__Exercise description__. Copy the lines below exactly, starting at the one with "Green Nature Panoramic" and ending at the one with "Homiego 4 Pack", and leave out any picture.

***** Dataset records

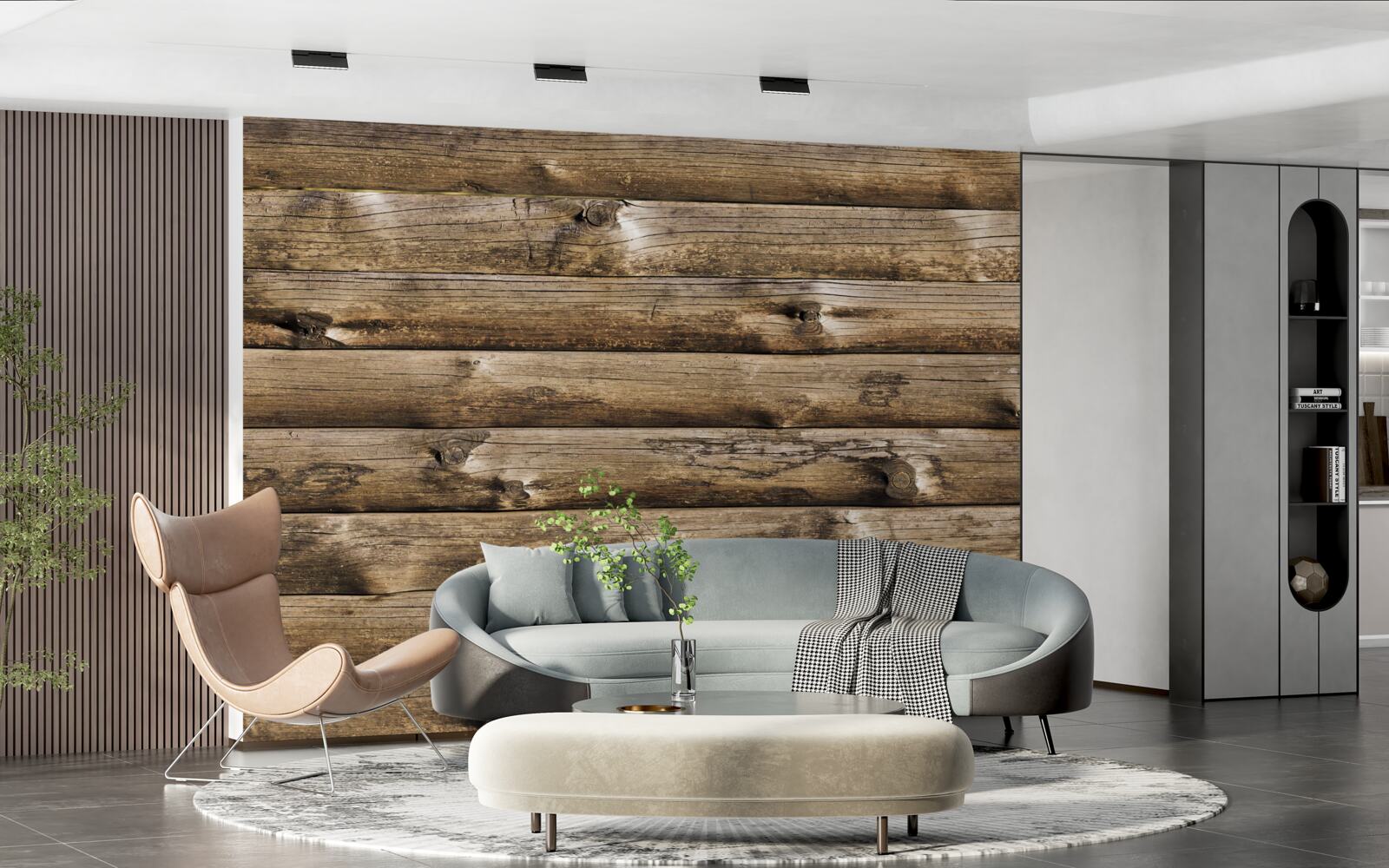 Fototapeta Ściana z brązowych bali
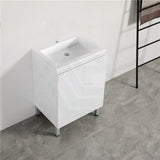 600Mm Narrow Freestanding Pvc Vanity With Gloss White Finish Cabinet Only For Bathroom Vanities 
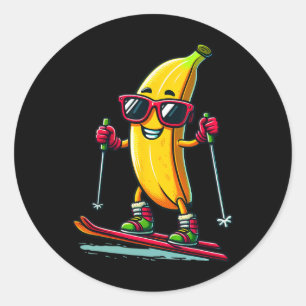Cute Nana Playing Skiing Fruit Lover Skiing Player Classic Round Sticker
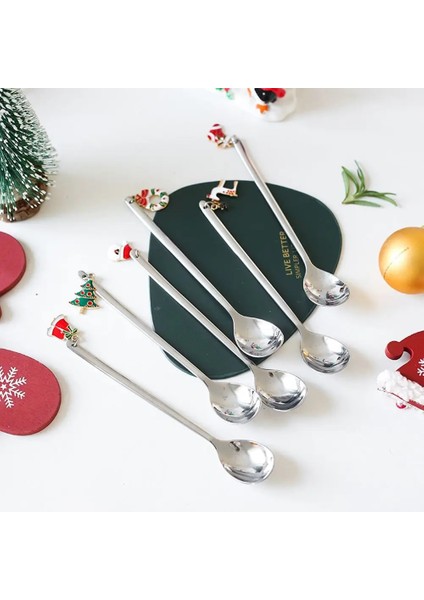 Gümüş-4 Tarzı Yeni Yıl Paslanmaz Noel Kaşığı Noel Hediyeleri Parti Masa Süsleri Süt Kahve Kaşığı Noel Mutfak Süslemeleri Yemek Takımı (Yurt Dışından) modelleri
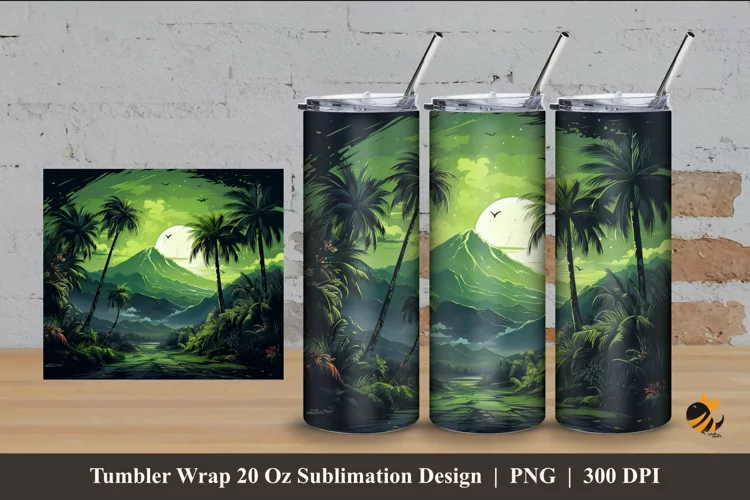 Green Nature Panoramic Tumbler Wrap Sublimation Design 4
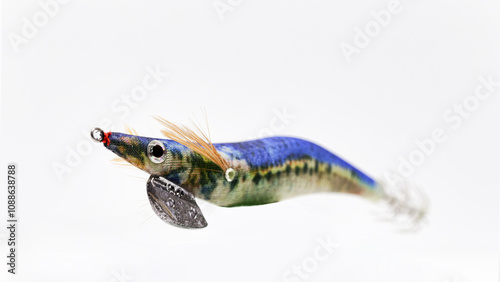 An Egi ,in this picture predominantly blue color, its a fake lure for squid and cuttlefish a fishing lure for casting and spinning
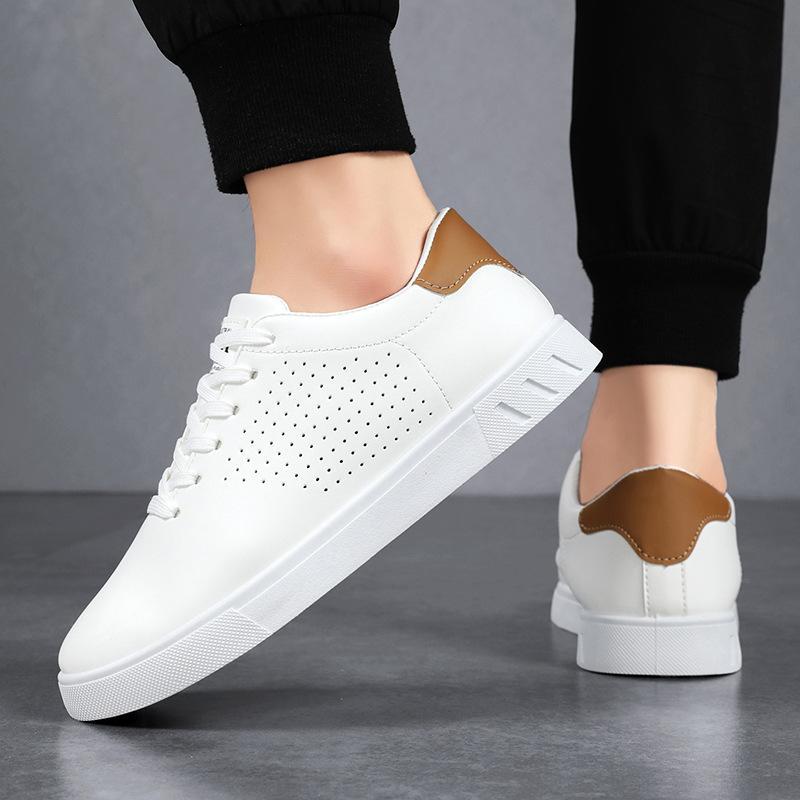 Mens Classic White Athletic Shoes Daily Genuine Leather Lace-Up Shoes Breathable Perforated Lightweight Walking Footwear For Male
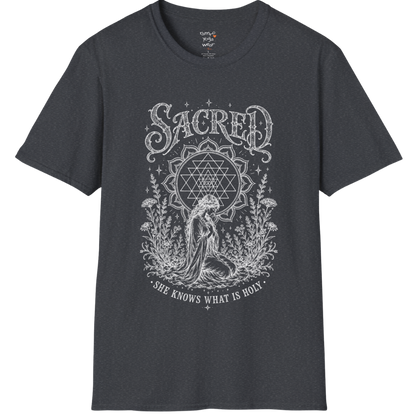 Sacred yoga shirt in dark heather grey — Sri Yantra and kneeling woman engraving design — Sacred Thread collection by Ramro Yoga Wear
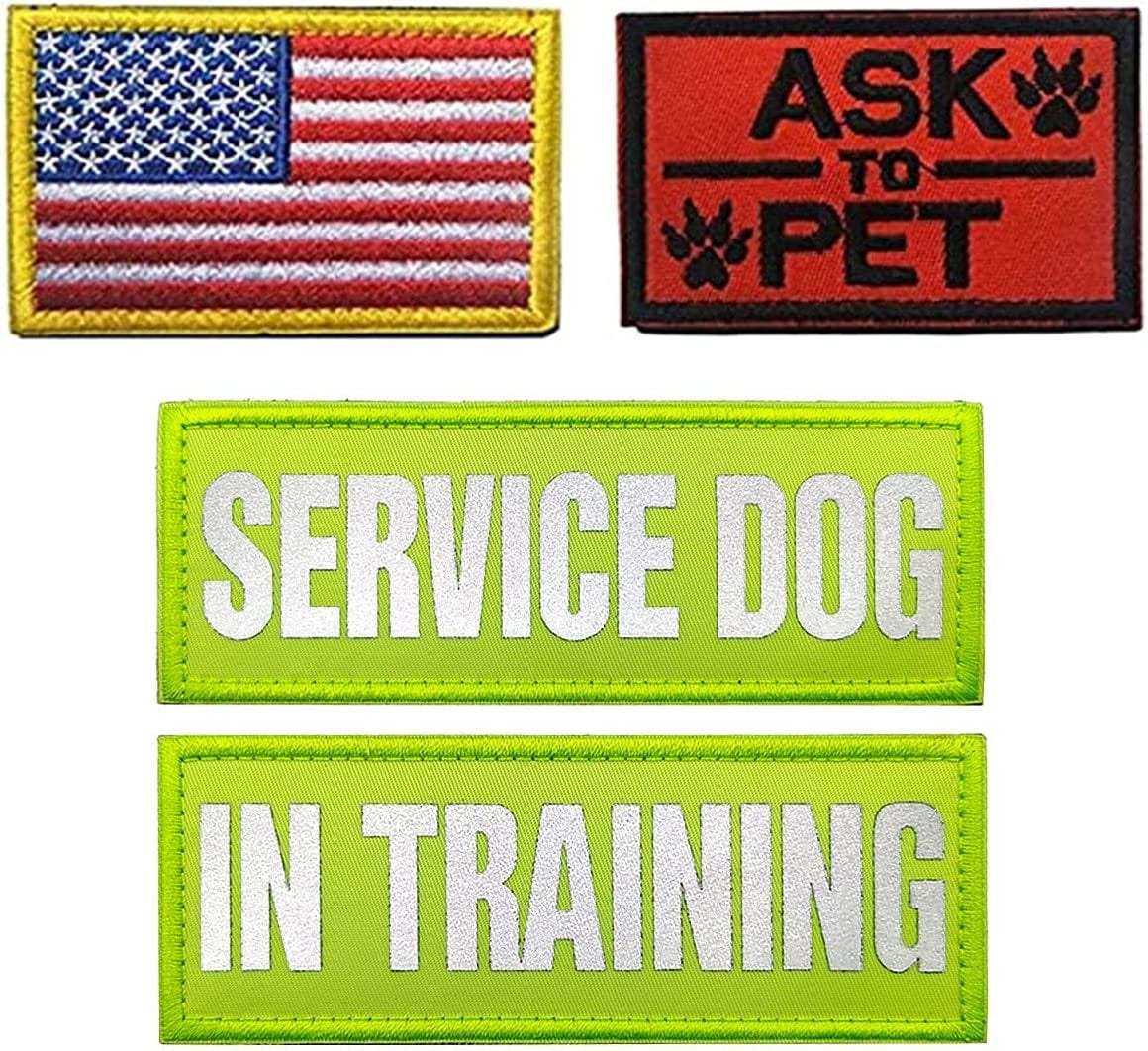 Homiego 4 Pack Service Dog in Training Patch American Flag Ask to Pet Military Morale Badge for Tactical Dog Harness Vest Saddlebag Backpack Animals & Pet Supplies > Pet Supplies > Dog Supplies > Dog Apparel Homiego 1  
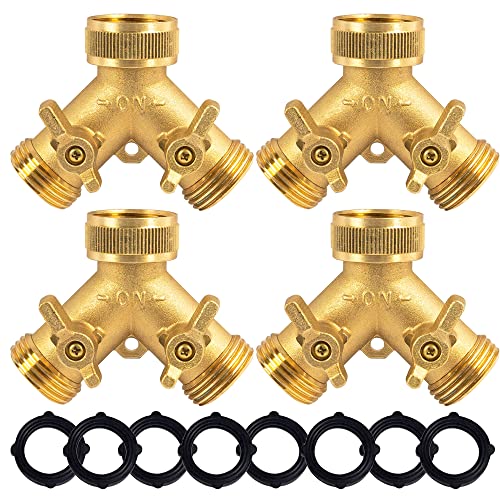 Hourleey Brass Garden Hose Splitter (2 Way), Solid Brass Hose Y Splitter 2 Valves with 2 Extra Rubber Washers (4 Pack) - size: 4 Pack - 2 Way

**********

__Written answer__.
 Green Nature Panoramic Tumbler Wrap Sublimation Design 4
 An Egi ,in this picture predominantly blue color, its a fake lure for squid and cuttlefish a fishing lure for casting and spinning
 Mens Classic White Athletic Shoes Daily Genuine Leather Lace-Up Shoes Breathable Perforated Lightweight Walking Footwear For Male
 Sacred yoga shirt in dark heather grey — Sri Yantra and kneeling woman engraving design — Sacred Thread collection by Ramro Yoga Wear
 Homiego 4 Pack Service Dog in Training Patch American Flag Ask to Pet Military Morale Badge for Tactical Dog Harness Vest Saddlebag Backpack Animals & Pet Supplies > Pet Supplies > Dog Supplies > Dog Apparel Homiego 1  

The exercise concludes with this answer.